- **Directions**
Retype the listing exactly, with no images.

- **Material provided**
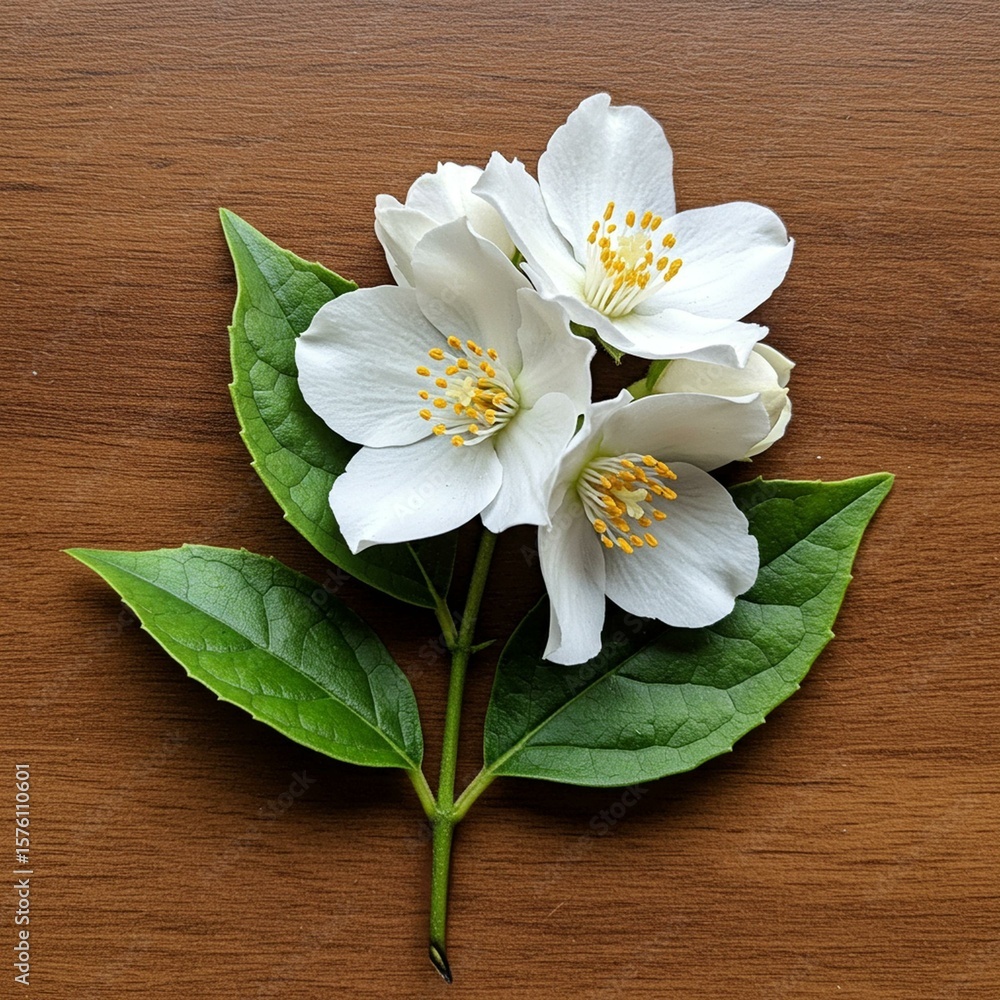 Delicate white jasmine flowers with green leaves arranged on a textured wooden background Delicate white jasmine flowers with green leaves arranged on a textured wooden background
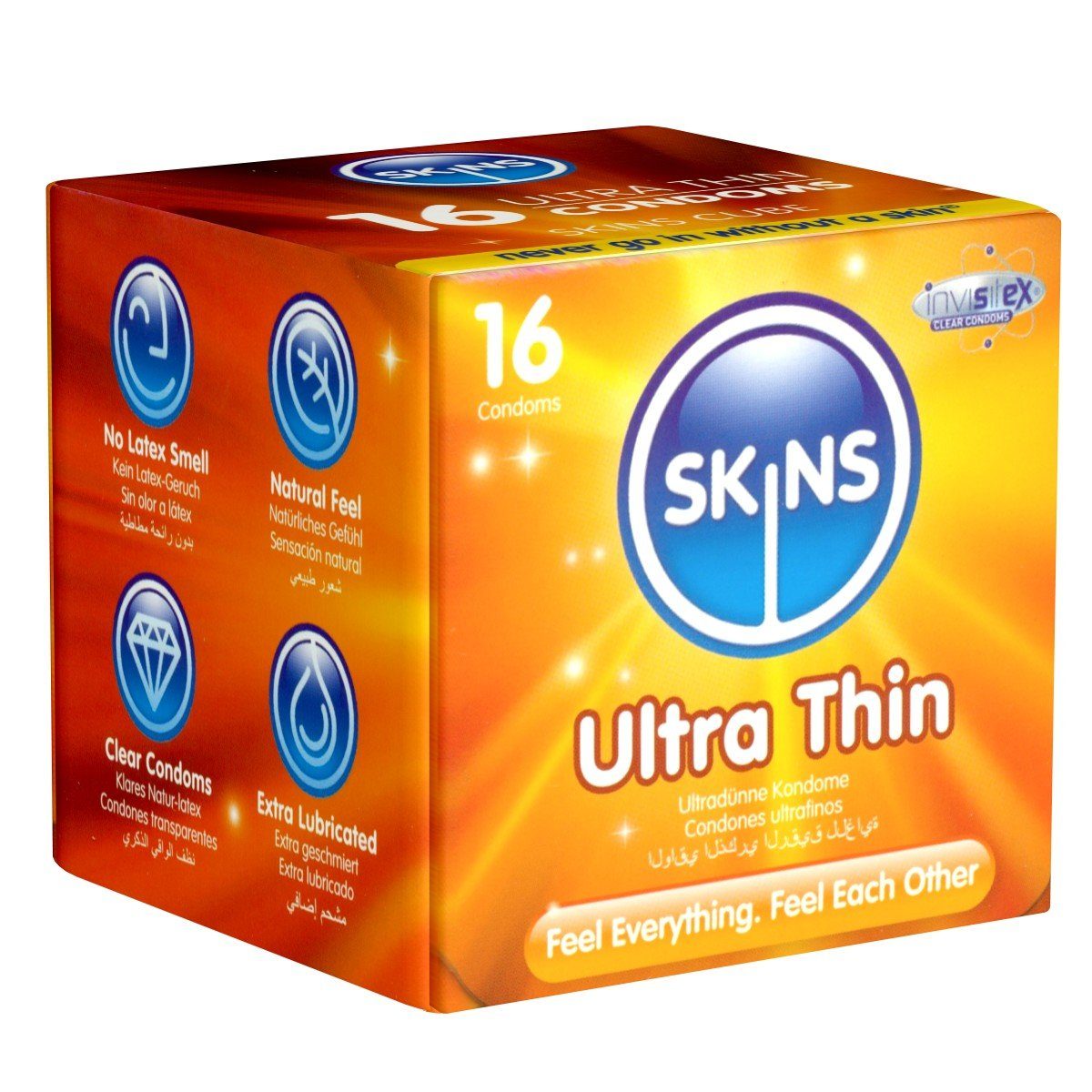 SKINS Condoms Kondome Ultra Thin, samtweiche Oberfläche, fühlt sich an wie "echt", Packung mit, 16 St., ultra dünne Kondome, durchsichtiges Latex (kristallklar), kein Latexgeruch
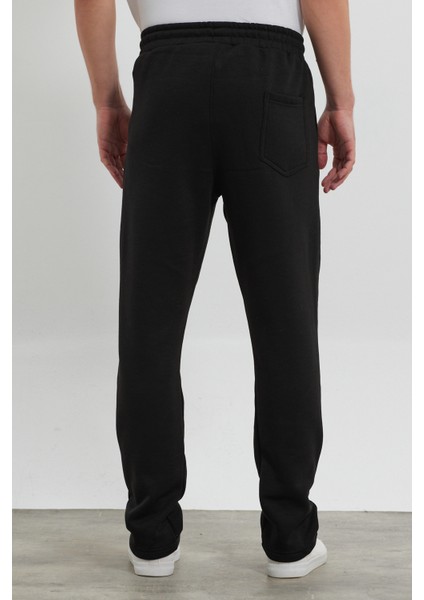 Erkek Siyah Baggy Düz Paça Bol Kesim Içi Polarlı Overdose Baskılı Pamuklu Eşofman Altı RF0497 indirimleri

- **Response to this task**
 Delicate white jasmine flowers with green leaves arranged on a textured wooden background Delicate white jasmine flowers with green leaves arranged on a textured wooden background
 SKINS Condoms Kondome Ultra Thin, samtweiche Oberfläche, fühlt sich an wie "echt", Packung mit, 16 St., ultra dünne Kondome, durchsichtiges Latex (kristallklar), kein Latexgeruch
 Erkek Siyah Baggy Düz Paça Bol Kesim Içi Polarlı Overdose Baskılı Pamuklu Eşofman Altı RF0497 indirimleri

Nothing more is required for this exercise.